Serving Proudly As The Voice Of Valley County Since 1913
3 Jobs In Service Or 1 In Manufacturing?
OK, which would you choose? Three highly skilled waiters capable of carrying nine plates of food in just two hands or one highly skilled industrial worker capable of manufacturing three hundred plastic trays for highly skilled waiters to carry?
How about a dozen EPA workers highly skilled in regulating the regulations that make manufacturing costs virtually insurmountable for anyone trying to start a business or one highly skilled and motivated entrepreneur actually building a business that hires people and that exports goods to other countries in spite of the “Dirty Dozen” EPA workers?
Or maybe five social workers highly skilled in getting you every government handout he/she can find, every hospital that will accept undocumented workers and their families, the closest food market that accepts food stamps, or would you prefer one coast to coast trucker bringing your every day goods to your local stores?
The choices for the three posers listed above are fairly obvious to me and probably to the majority of my 10.3 readers but seem to be unclear to the present administration in Washington District of Calamity.
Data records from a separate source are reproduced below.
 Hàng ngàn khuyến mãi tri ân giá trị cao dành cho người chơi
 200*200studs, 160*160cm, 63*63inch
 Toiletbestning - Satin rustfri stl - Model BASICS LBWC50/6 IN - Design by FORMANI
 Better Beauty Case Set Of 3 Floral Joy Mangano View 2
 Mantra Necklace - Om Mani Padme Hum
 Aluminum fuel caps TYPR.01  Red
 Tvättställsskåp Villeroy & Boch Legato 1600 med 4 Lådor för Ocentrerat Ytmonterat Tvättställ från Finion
We have a very serious problem here because we import far more “stuff” from around the world than we export to those same countries. The reason for this is that we do not have the manufacturing we had 50 years ago or even just 30 years ago.
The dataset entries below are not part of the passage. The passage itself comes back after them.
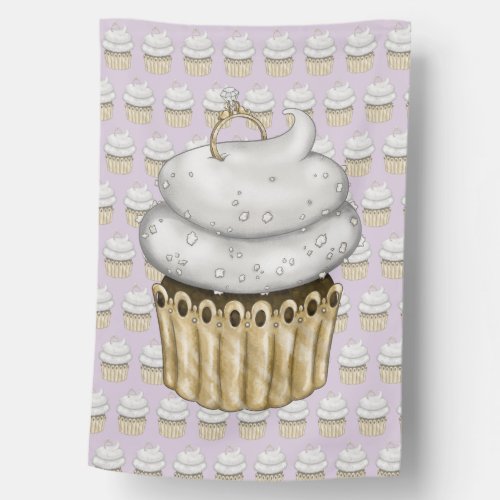 Sweet Engagement Cupcake House Flag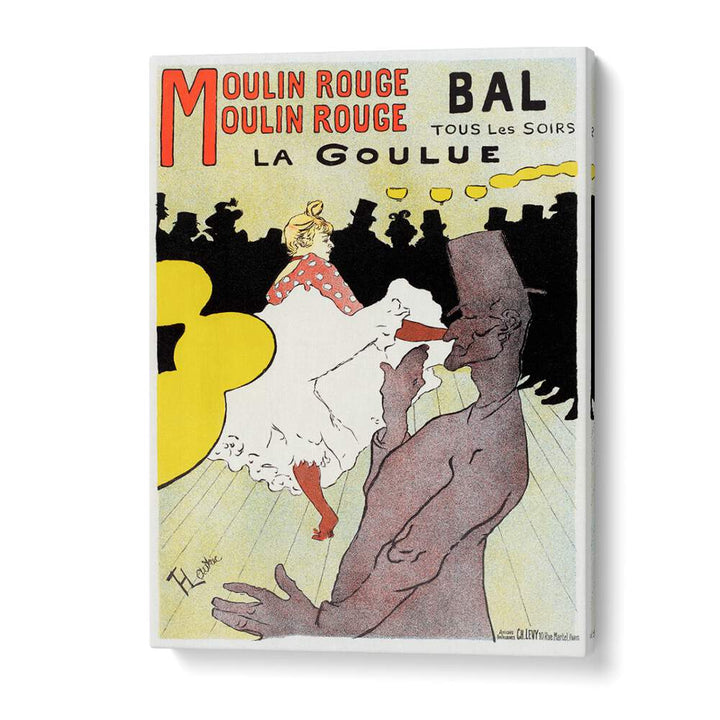 AFFICHE POUR LE MOULIN ROUGE LA GOULUE (1898)  , VINTAGE PAINTINGS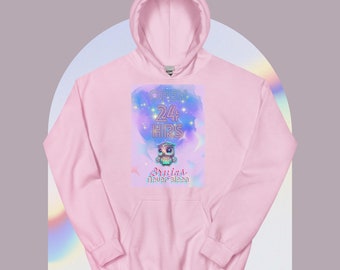 Brujas Dont Sleep Owl Unisex Hoodie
This country cannot survive as a “service”country. It must have people making things, other than pina coladas, London broils and a bazillion dollars a year scoring touchdowns in front of 75,000 screaming fans who work in the service industry and don't make anything.
U.S. Rep. Daines has stated, We need to allow highly skilled workers to immigrate to the United States.” In an email, I called him to task for that statement but after careful thought and consternation I can see his point. Misguided though it is.
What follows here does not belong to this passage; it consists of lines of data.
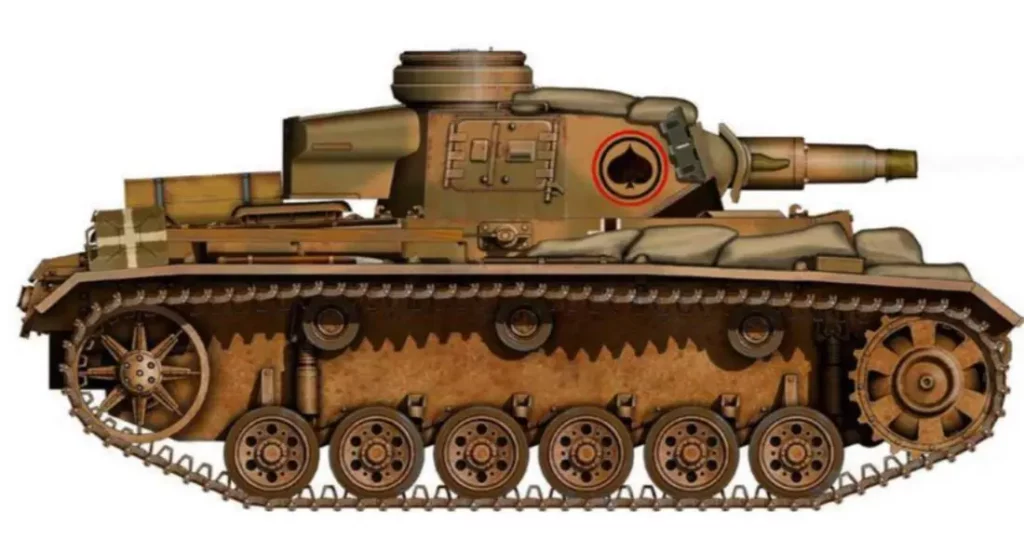 camouflage désert panzer III DAK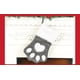 thumbnail image 3 of Calcetines navideños con diseño de pata de perro, decoración para árbol de Navidad, diseño de perro rojo y gris de pelo largo, decoración festiva para el hogar, regalo para amantes de las, 3 of 7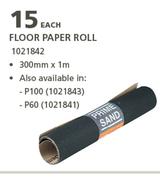 Academy Floor Paper Roll-300mm x 1m Each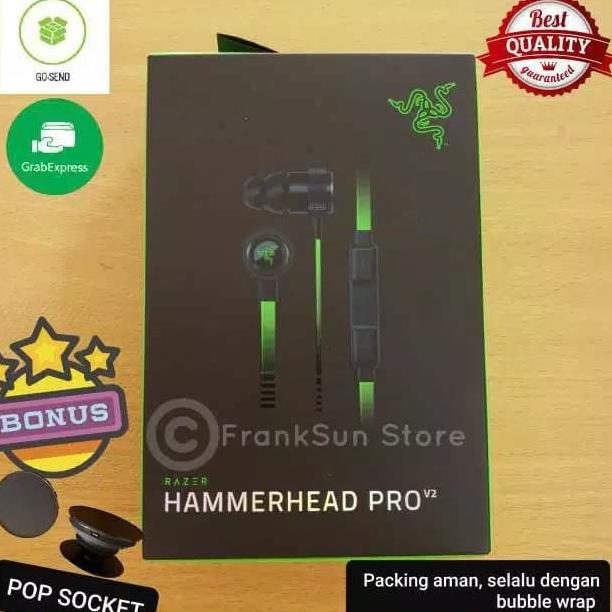 Earphone Headset Gaming Razer Hammerhead Pro V2 Original
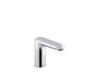 KOHLER K-104K37-SANA Kumin Touchless faucet with Kinesis sensor technology, DC-powered, polished chrome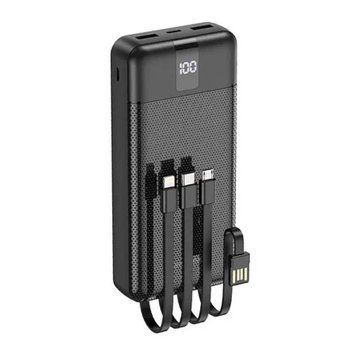 Power bank 20 000 mAh Borofone J20A 2USB Type-C/MicroUSB/Lightning LED Display black 28183 фото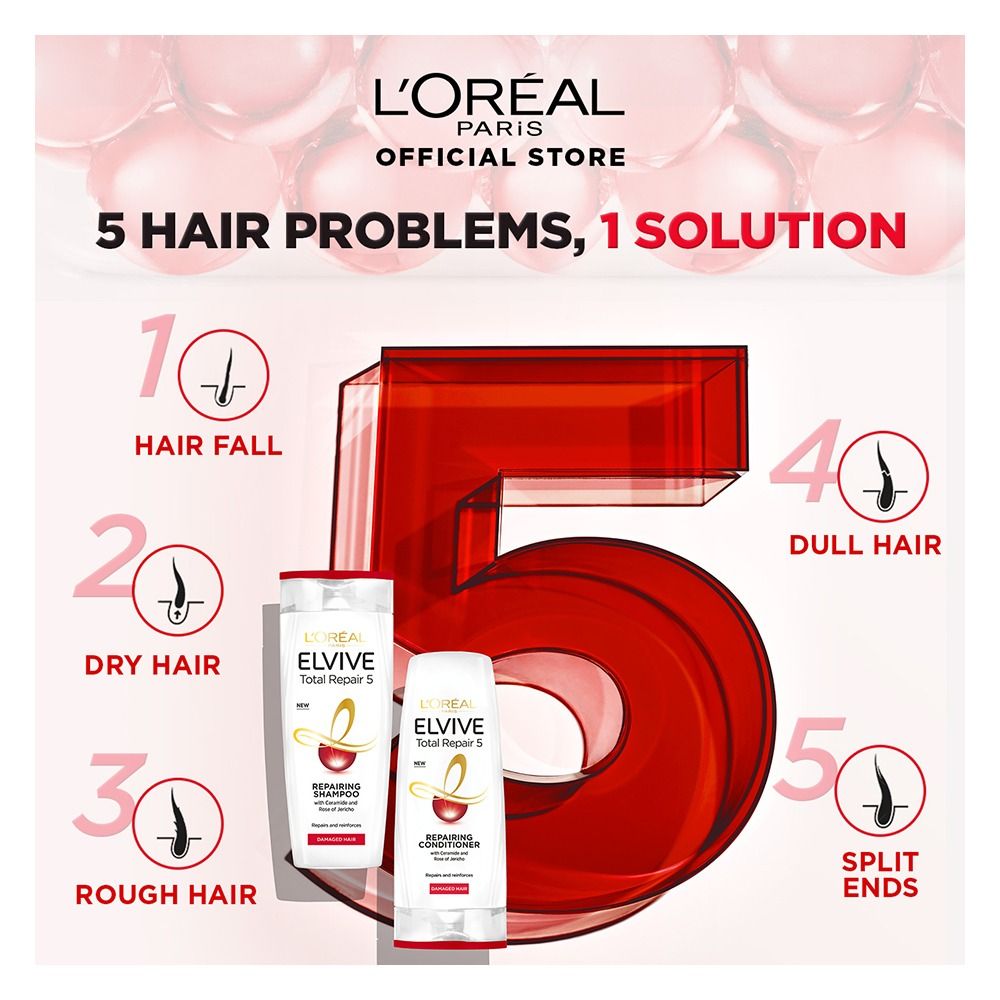 L'Oreal Paris Total Repair 5 Repairing Shampoo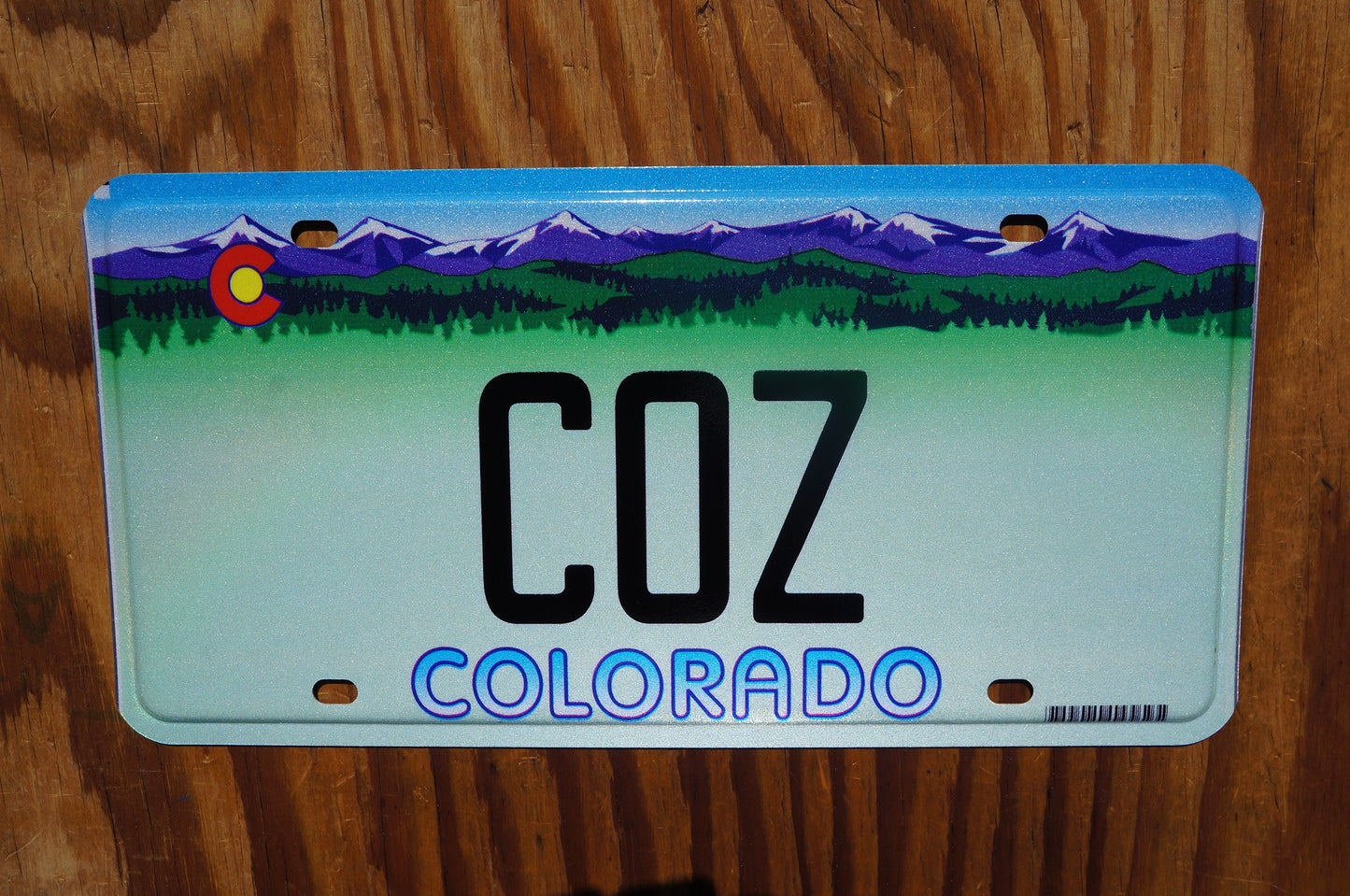 Colorado COZY Vanity Purple Mountains License Plate - COZ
We are guilty, as a nation, of giving our college kids a subpar education in the technologies and engineering departments while over educating those who have chosen the “easy grade” majors. We make it too easy on them. We don't entice them to produce better grades with the prospects of high paying jobs after graduation. We saddle them with impossible school loan debts while giving scholarships to foreign kids.
The major colleges need to get foreign students because their work ethics and study habits insure grades far above the average American student thus improving the overall GPA of the college. Sad but true folks.
To get manufacturing back in full swing in America we need to start graduating more, higher skilled American workers.
And we need to get rid of the EPA, or at least start scrutinizing the regulations coming down from that agency. The people need a say in what regulations we want and those that are detrimental to our very existence.
I say we gotta have higher personal goals and study habits from K through postgraduate school. And that, my friends, will have to begin at home!
In our neck of the woods we have the farm kids who have good work habits and for the most part are honor roll students. They need to pick up the slack for those in the turmoil of inner city education where, if you have 80% attendance you graduate. Matters not if you can read and comprehend a simple sentence. At least you attended.
We can all scream to “throw more money at education,” but money is not the main problem and it's not the lack of good teachers.
Let's get back to manufacturing a good portion of the world's commodities as we did in the 1950s and '60s, when we were at the top of the world in manufacturing AND education.
Think about this if you will. We hear and see every day of doctors, lawyers, techies and other skilled foreign workers being 'courted' by our large American corporations. How often do we hear of some large foreign corporation calling the U.S. for highly skilled American workers?
That's it for now folks. Thanks for listening.
Virgil Vaupel is The Courier's Hinsdale correspondent.